→ **WORK TO BE COMPLETED**: All of the data is to be set down again without any alteration.

→ **Stored items**:
________

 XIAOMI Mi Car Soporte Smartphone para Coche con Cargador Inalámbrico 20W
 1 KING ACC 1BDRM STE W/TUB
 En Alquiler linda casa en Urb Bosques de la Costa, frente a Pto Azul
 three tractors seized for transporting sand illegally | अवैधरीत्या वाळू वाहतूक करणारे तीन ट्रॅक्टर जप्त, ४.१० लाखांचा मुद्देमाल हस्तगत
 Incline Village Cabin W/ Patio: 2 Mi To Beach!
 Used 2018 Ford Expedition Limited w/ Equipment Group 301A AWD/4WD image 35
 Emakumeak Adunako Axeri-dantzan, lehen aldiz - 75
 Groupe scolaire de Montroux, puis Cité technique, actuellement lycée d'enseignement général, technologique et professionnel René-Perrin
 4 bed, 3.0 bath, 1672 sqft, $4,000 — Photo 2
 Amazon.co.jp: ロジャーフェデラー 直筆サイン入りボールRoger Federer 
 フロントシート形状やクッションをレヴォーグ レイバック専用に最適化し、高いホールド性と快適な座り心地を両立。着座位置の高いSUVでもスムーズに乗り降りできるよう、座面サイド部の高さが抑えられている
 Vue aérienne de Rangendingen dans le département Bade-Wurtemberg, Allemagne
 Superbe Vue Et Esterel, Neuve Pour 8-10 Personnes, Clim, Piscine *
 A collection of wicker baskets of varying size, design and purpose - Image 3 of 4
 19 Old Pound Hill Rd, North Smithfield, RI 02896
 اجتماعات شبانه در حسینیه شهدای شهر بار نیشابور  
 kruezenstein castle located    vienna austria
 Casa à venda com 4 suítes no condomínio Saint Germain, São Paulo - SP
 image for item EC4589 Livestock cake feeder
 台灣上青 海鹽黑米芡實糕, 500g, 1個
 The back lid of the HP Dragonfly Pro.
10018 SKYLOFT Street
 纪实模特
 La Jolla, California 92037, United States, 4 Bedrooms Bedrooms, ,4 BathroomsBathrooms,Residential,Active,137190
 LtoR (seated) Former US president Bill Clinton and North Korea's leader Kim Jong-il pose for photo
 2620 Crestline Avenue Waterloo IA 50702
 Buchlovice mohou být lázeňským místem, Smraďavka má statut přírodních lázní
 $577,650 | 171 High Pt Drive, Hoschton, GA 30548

________

→ **REPLY TO THE EXERCISE**:
 XIAOMI Mi Car Soporte Smartphone para Coche con Cargador Inalámbrico 20W
 1 KING ACC 1BDRM STE W/TUB
 En Alquiler linda casa en Urb Bosques de la Costa, frente a Pto Azul
 three tractors seized for transporting sand illegally | अवैधरीत्या वाळू वाहतूक करणारे तीन ट्रॅक्टर जप्त, ४.१० लाखांचा मुद्देमाल हस्तगत
 Incline Village Cabin W/ Patio: 2 Mi To Beach!
 Used 2018 Ford Expedition Limited w/ Equipment Group 301A AWD/4WD image 35
 Emakumeak Adunako Axeri-dantzan, lehen aldiz - 75
 Groupe scolaire de Montroux, puis Cité technique, actuellement lycée d'enseignement général, technologique et professionnel René-Perrin
 4 bed, 3.0 bath, 1672 sqft, $4,000 — Photo 2
 Amazon.co.jp: ロジャーフェデラー 直筆サイン入りボールRoger Federer 
 フロントシート形状やクッションをレヴォーグ レイバック専用に最適化し、高いホールド性と快適な座り心地を両立。着座位置の高いSUVでもスムーズに乗り降りできるよう、座面サイド部の高さが抑えられている
 Vue aérienne de Rangendingen dans le département Bade-Wurtemberg, Allemagne
 Superbe Vue Et Esterel, Neuve Pour 8-10 Personnes, Clim, Piscine *
 A collection of wicker baskets of varying size, design and purpose - Image 3 of 4
 19 Old Pound Hill Rd, North Smithfield, RI 02896
 اجتماعات شبانه در حسینیه شهدای شهر بار نیشابور  
 kruezenstein castle located    vienna austria
 Casa à venda com 4 suítes no condomínio Saint Germain, São Paulo - SP
 image for item EC4589 Livestock cake feeder
 台灣上青 海鹽黑米芡實糕, 500g, 1個
 The back lid of the HP Dragonfly Pro.
10018 SKYLOFT Street
 纪实模特
 La Jolla, California 92037, United States, 4 Bedrooms Bedrooms, ,4 BathroomsBathrooms,Residential,Active,137190
 LtoR (seated) Former US president Bill Clinton and North Korea's leader Kim Jong-il pose for photo
 2620 Crestline Avenue Waterloo IA 50702
 Buchlovice mohou být lázeňským místem, Smraďavka má statut přírodních lázní
 $577,650 | 171 High Pt Drive, Hoschton, GA 30548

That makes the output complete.